Eugène Ardant et Cie (p. 214-222).

CHAPITRE XXXV.


— Nous quittons Londres demain soir, monsieur Nickleby ; je n’ai jamais été plus heureux de ma vie ; je vais boire encore à notre prochaine réunion !

En disant ces mots, John Browdie se frotta les mains avec une vive satisfaction, et sa physionomie luisante et enluminée était en parfaite harmonie avec ses paroles.

C’était le soir même de la sortie de Ralph en fiacre, et Nicolas, madame Nickleby, Catherine, Smike, et le couple d’Yorkshire étaient réunis. Madame Nickleby, connaissant les obligations qu’avait son fils à l’honnête paysan, avait consenti non sans hésitation à inviter M. et madame Browdie à prendre le thé. Le principal motif de sa résistance avait été qu’elle n’avait pas eu l’occasion d’aller préalablement rendre visite à madame Browdie. Semblable à beaucoup de gens pointilleux, madame Nickleby se vantait souvent de n’avoir pas la moindre fierté et de ne point tenir à de vaines cérémonies ; cependant elle était esclave des convenances ; et comme, d’après les lois de la politesse, elle était censée ignorer l’existence même de madame Browdie avant de lui avoir rendu visite, elle se trouvait dans une position délicate et embarrassante.

— J’aurais dû au moins lui envoyer ma carte, dit-elle à son fils. — Ma chère mère, dit Nicolas, je ne pense pas que ces naïfs campagnards aient jamais connu l’emploi des cartes. — Alors, c’est différent. S’il en est ainsi, je n’ai qu’une chose à dire, c’est que je suis convaincue que ce sont de braves gens, que je ne m’oppose nullement à les inviter, et que je me ferai un devoir de les recevoir très-civilement.

M. et madame Browdie avaient donc été invités, et comme ils avaient témoigné beaucoup de déférence à madame Nickleby, et paru satisfaits de la soirée, la bonne dame avait plus d’une fois murmuré aux oreilles de Catherine que c’étaient des gens de bon sens et parfaitement bien élevés.

Et, après souper, dans le salon, à onze heures moins vingt minutes, John Browdie avait déclaré qu’il n’avait jamais été plus heureux de sa vie.

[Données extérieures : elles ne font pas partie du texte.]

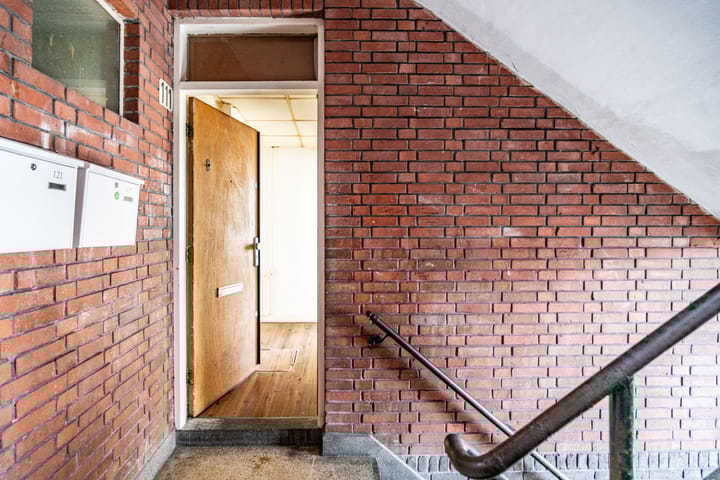 Foto 32 van De Genestetlaan 111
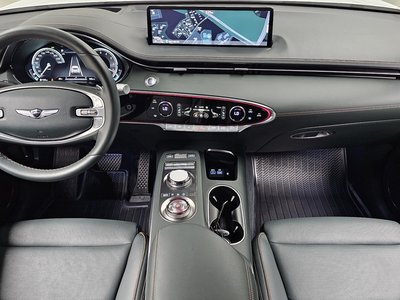 صورة 5 لـ 2024 Genesis GV70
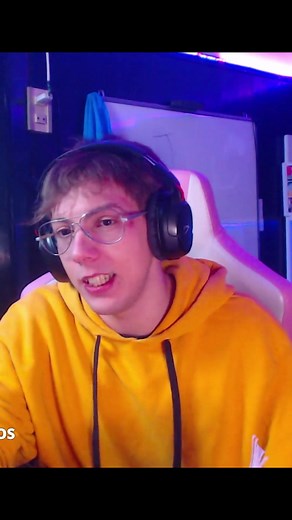 Tutorial: COMO SER VIRAL SIENDO STREAMER😎 | #argentina🇦🇷 #humor #twitch #twitchargentina #clipsdetwitch #chat #harryalexok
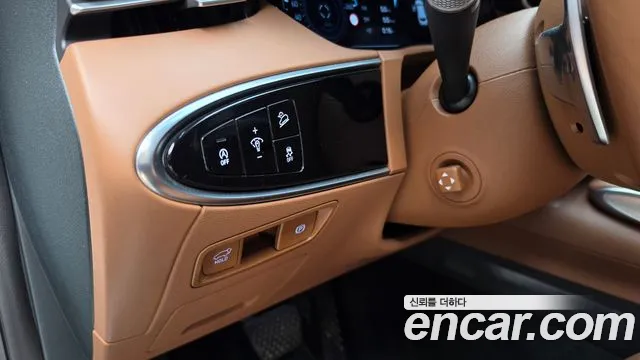 Genesis GV70 — Фото автомобиля 27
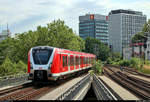 490 609-5 und 490 610-3 der S-Bahn Hamburg als S21 von Hamburg-Bergedorf nach Hamburg Elbgaustraße erreichen den Hp Hamburg Dammtor auf der Hamburg-Altonaer Verbindungsbahn (KBS 137.1).
Aufgenommen am Ende des Bahnsteigs 1/2.
[1.8.2019 | 14:15 Uhr]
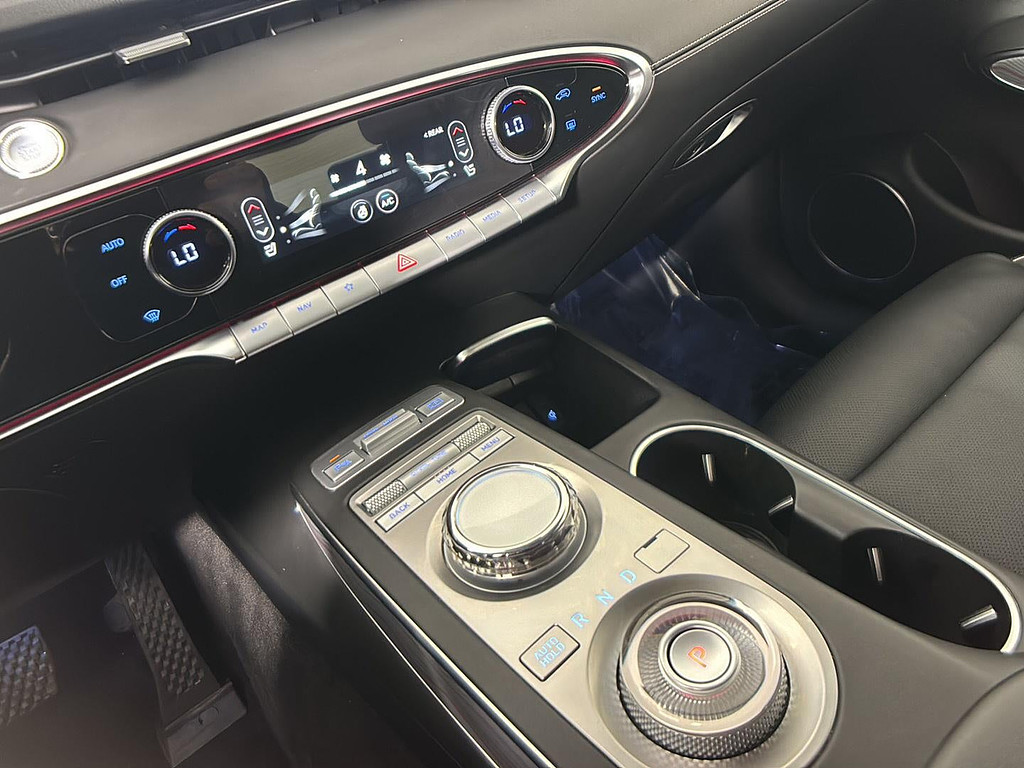 2024 Genesis GV70 Located at Smart Motors Toyota light-box-slides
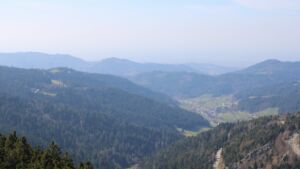 Dieses Bild zeigt eine Webcam-Aufnahme vom Achertal, aufgenommen am Donnerstag, den 19.03.2026 um 13:40 Uhr. Die Temperatur betrug 9.2°C.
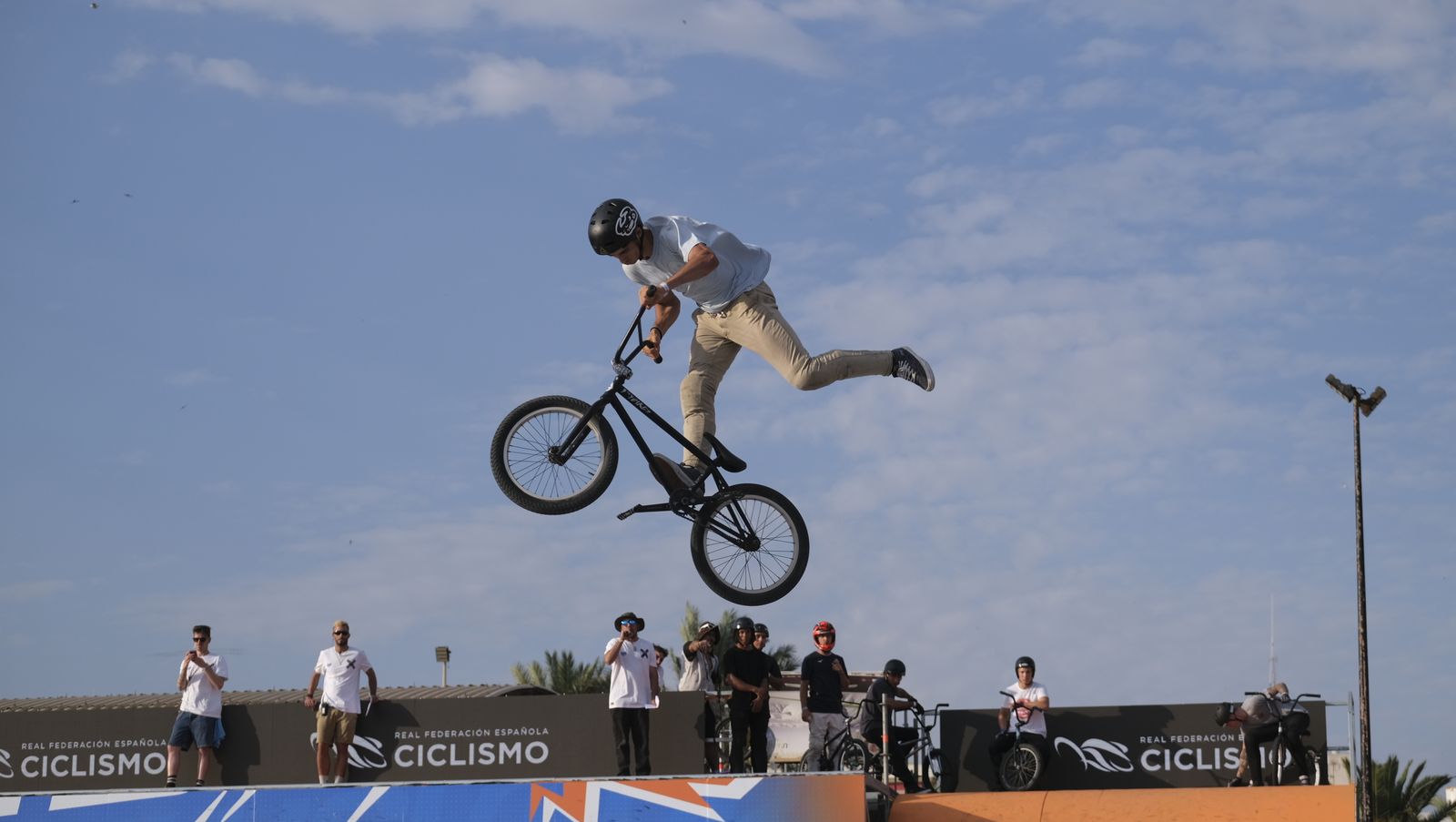 Imágenes de la segunda jornada de la Andalucía World Series Almería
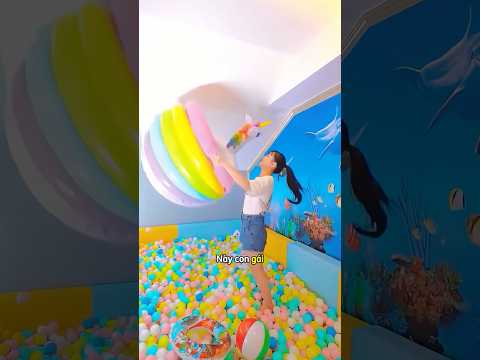 Cô con gái đi đâu cũng mang theo con vịt đồ chơi 😛 #shortsviral 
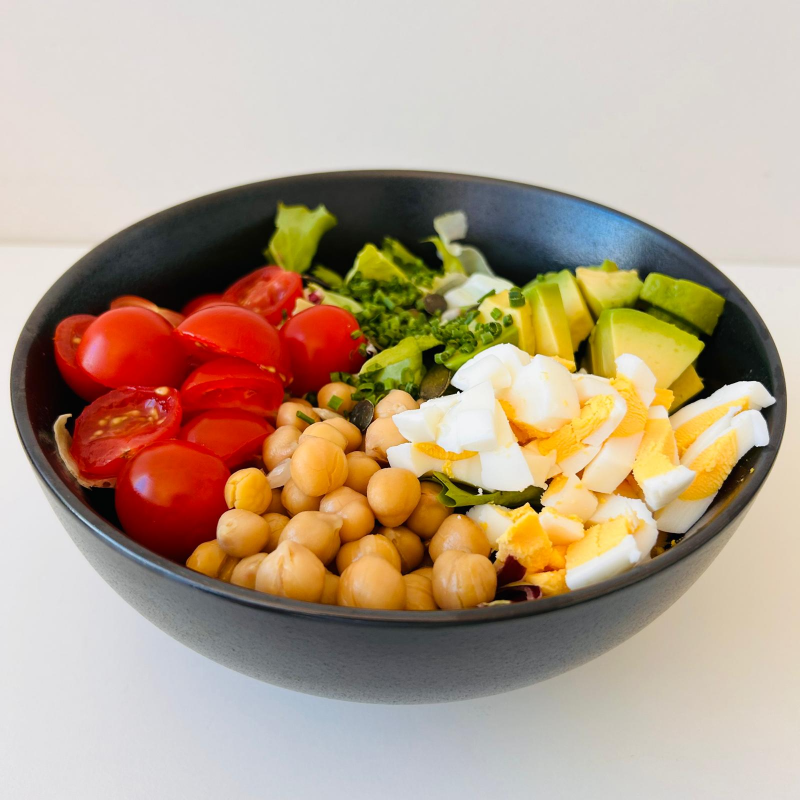 Bowl High-Protein Salat mit Avocado, Freiland-Ei, Kichererbsen und Kernen ( G )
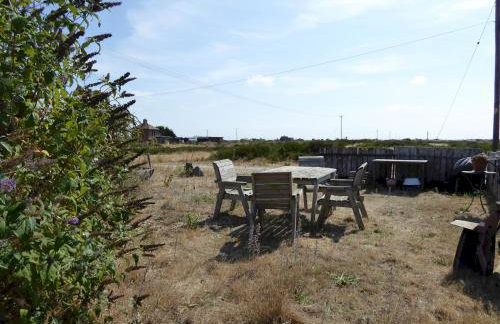 Pass the Keys Mistral Coastal Cabin - Dungeness sleeps 23 - Photo 30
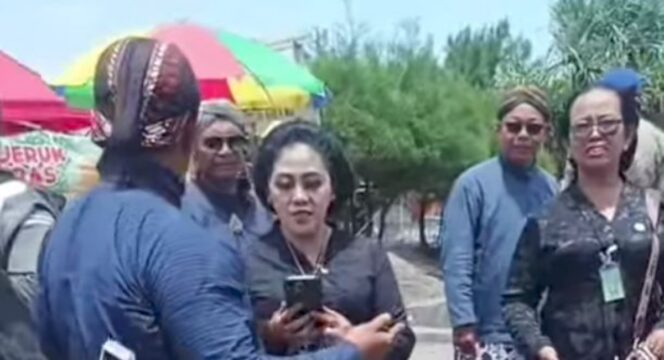 
					Viral! Mbak Rara Pawang Diusir Abdi Dalem Keraton Jogja saat Prosesi Labuhan. (Tangkap layar FB Acun Hadiwidjojo)
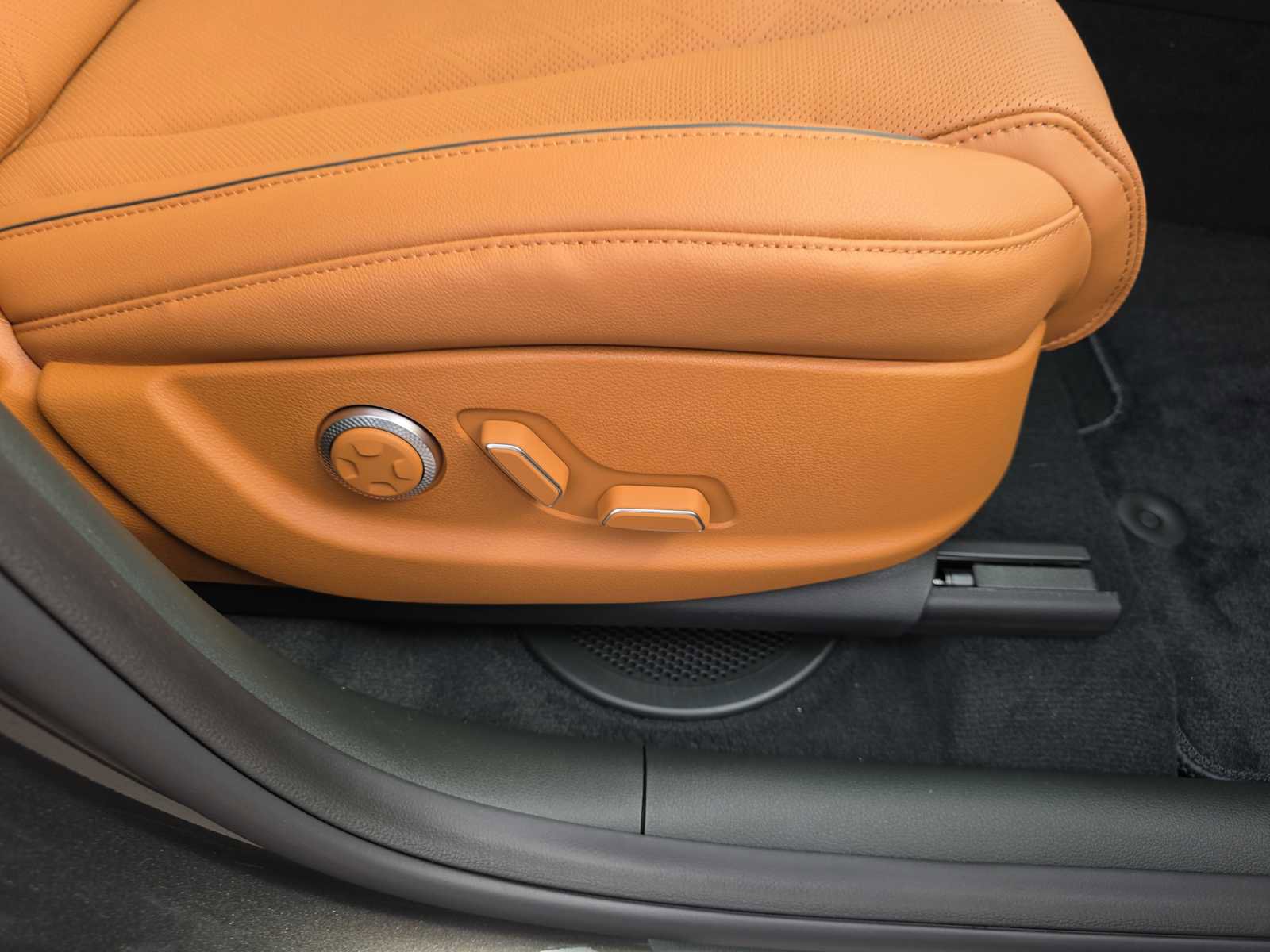 New 2026 Genesis GV80 2.5T Advanced image 30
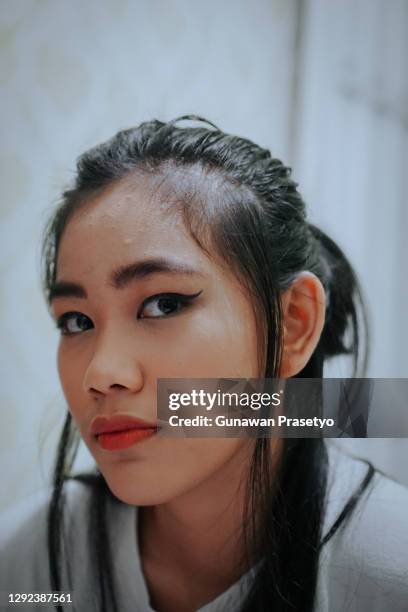 indonesian women are in independent isolation after being exposed to the covid-19 virus and remain cheerful - beautiful perfection exposed lady imagens e fotografias de stock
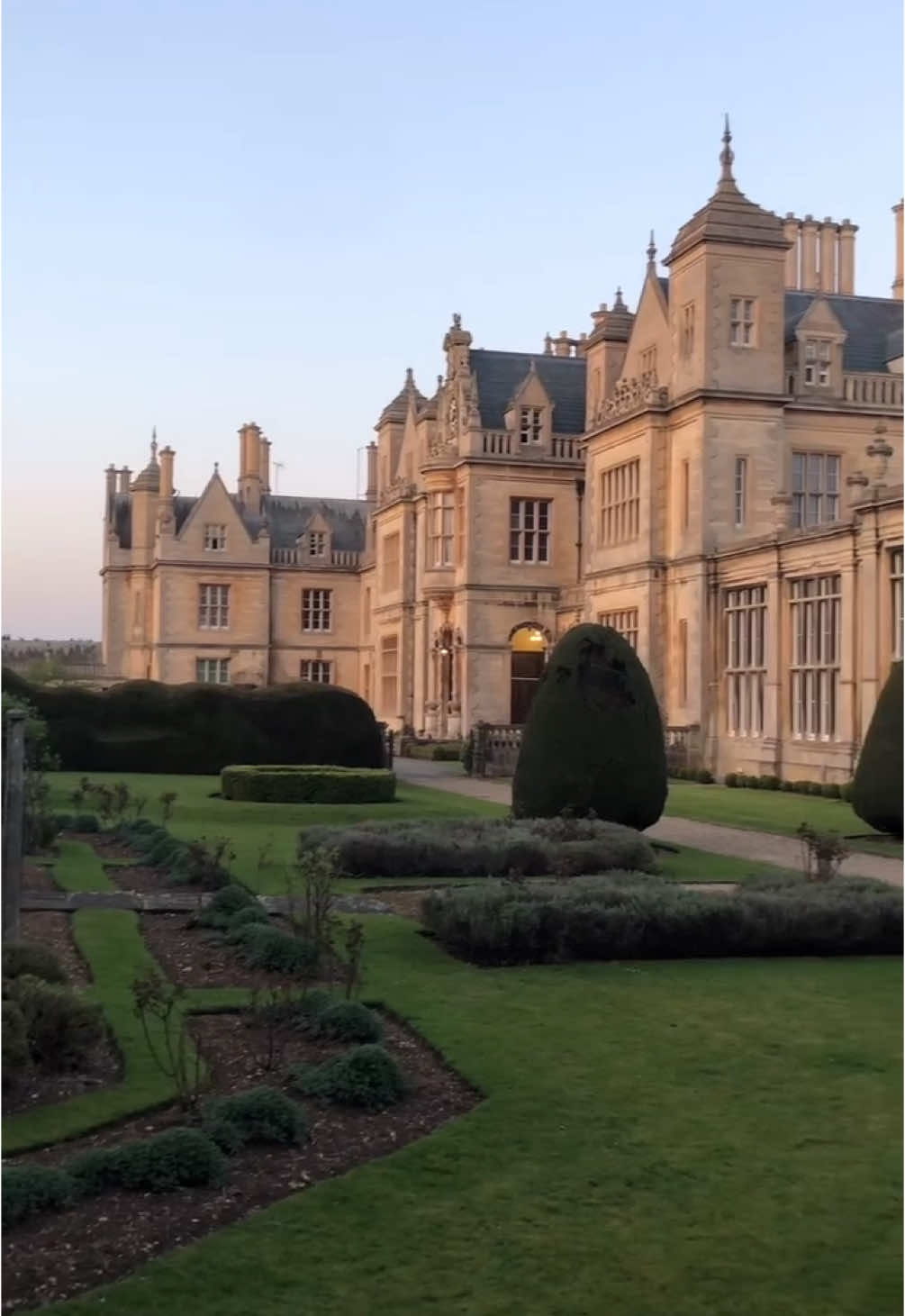 Old Money Stoke Rochford Hall.   . . #oldmoney #luxury #house #castle #hall #Lifestyle #class #vintage #wealth #style #fyp #stokerochfordhall #aesthetic #oldmoneystyle #trending #countryhouses #viralvideo #historichouse #statelyhome #statelyhomes #countryhouse #historichouses #beautiful #fypシ #mansion #fawn #tik #dawnchorus #explore  📹: @county.house.obsession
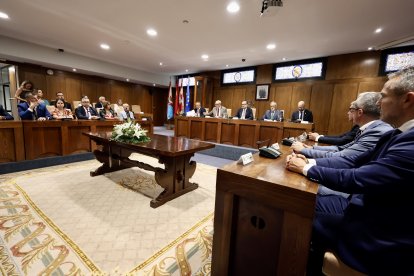 Imágenes del acto institucional por la fiesta de la Virgen de la Encina en Ponferrada  con la participación de autoridades políticas de la provincia y la comunidad.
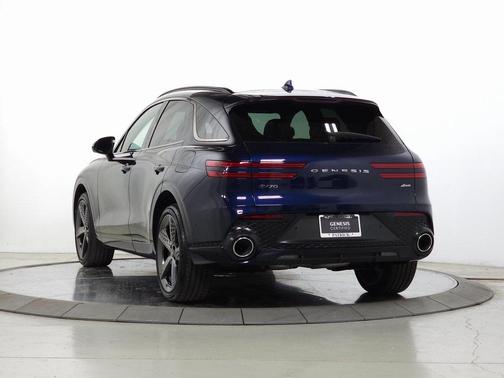 2023 Genesis GV70 2.5T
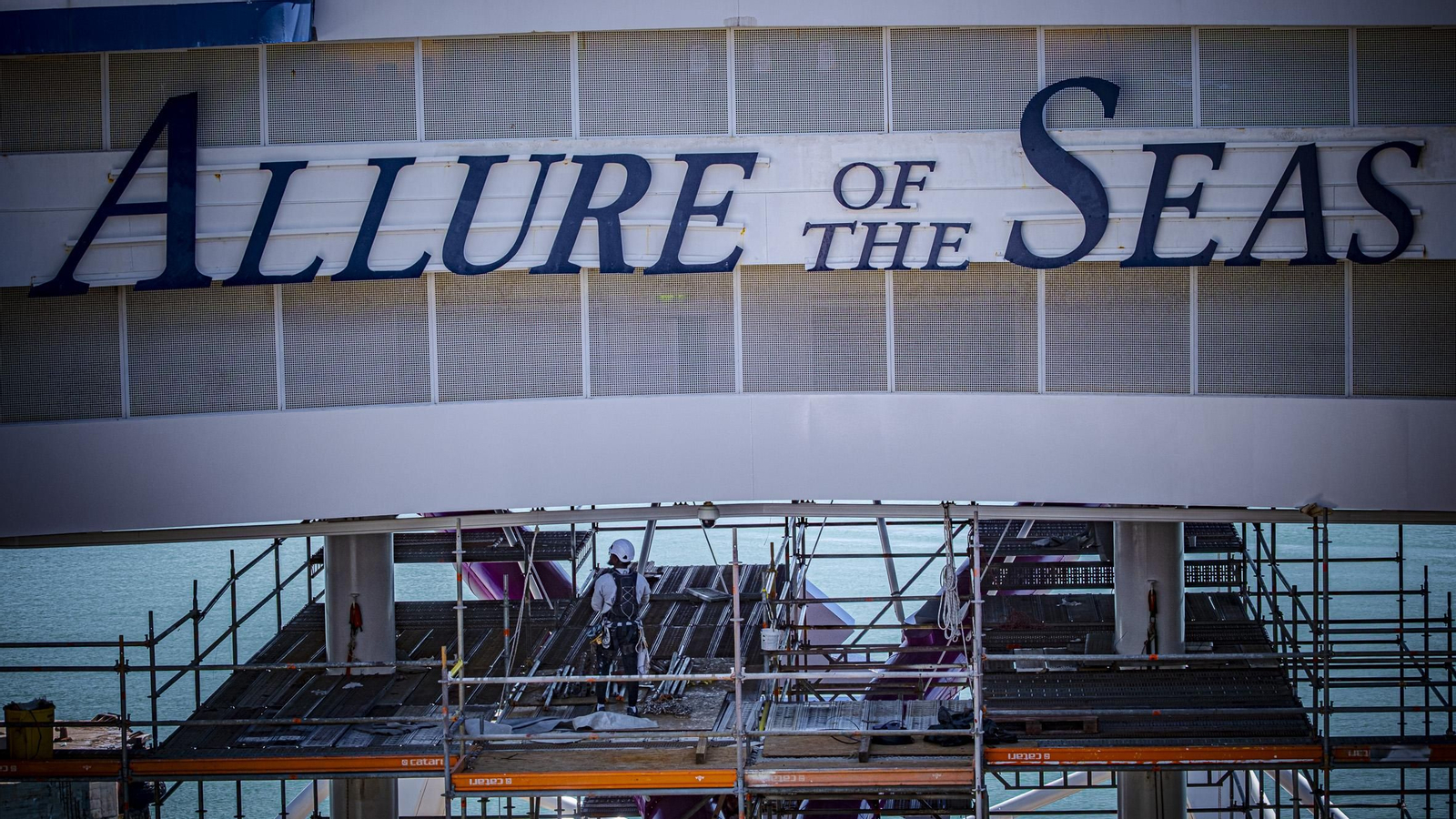 Las imágenes del interior del crucero 'Allure of the Seas' que se encuentra reparando en navantia Cádiz
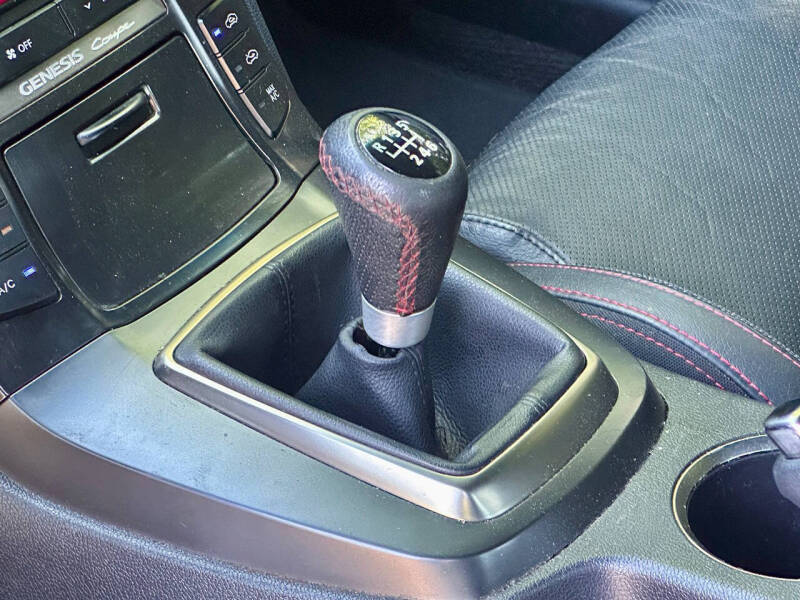 2014 Hyundai Genesis Coupe 2.0T R-Spec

Madame Browdie ne pouvait se lasser d’admirer les manières douces et séduisantes de la jeune personne, et l’affabilité de la mère. Catherine eut l’art d’amener la conversation sur des matières connues de la paysanne, qui s’était trouvée d’abord mal à l’aise ; et si madame Nickleby n’était pas toujours aussi heureuse dans le choix de ses sujets d’entretien, si ses idées semblaient parfois trop élevées à madame Browdie, elle se montrait du moins d’une entière bienveillance. Elle prouvait l’intérêt que lui faisait éprouver le jeune couple en faisant obligeamment de longs sermons sur l’économie domestique. Elle vantait la bonne tenue de son ménage, dont cependant elle ne pouvait guère se glorifier, Catherine étant exclusivement chargée de tenir en ordre la maison.

— M. Browdie, dit Catherine s’adressant à la jeune femme, est l’homme le meilleur et le plus jovial que j’aie jamais rencontré ; fussé-je en proie à mille soucis, sa vue suffirait pour les dissiper. — Sur ma parole, dit madame Nickleby, je le crois un excellent homme, et je serais charmée de vous recevoir tous les jours. Nous ne faisons pas d’étalage, pas de cérémonies.

— Je vous en ai beaucoup d’obligation, Madame, repartit madame Browdie. John, il est près d’onze heures. Nous craignons de vous faire veiller bien tard. — Bien tard, s’écria madame Nickleby avec un ricanement aigu, il est de bonne heure pour nous. Nous nous couchions autrefois, sans y prendre garde, à minuit, à une heure, à deux heures du matin. Nous étions accablés d’invitations. Il y avait en particulier une famille, demeurant à un mille de nous, non pas en droite ligne, mais en prenant une route de traverse à gauche ; cette famille était extraordinaire pour donner des soirées extravagantes, avec champagne, fleurs artificielles, verres de couleur, et enfin toutes les délicatesses gastronomiques que peut désirer l’épicurien le plus difficile. Je ne crois pas avoir jamais vu des gens comme ces Peltirogus. Vous vous rappelez les Peltirogus, Catherine ?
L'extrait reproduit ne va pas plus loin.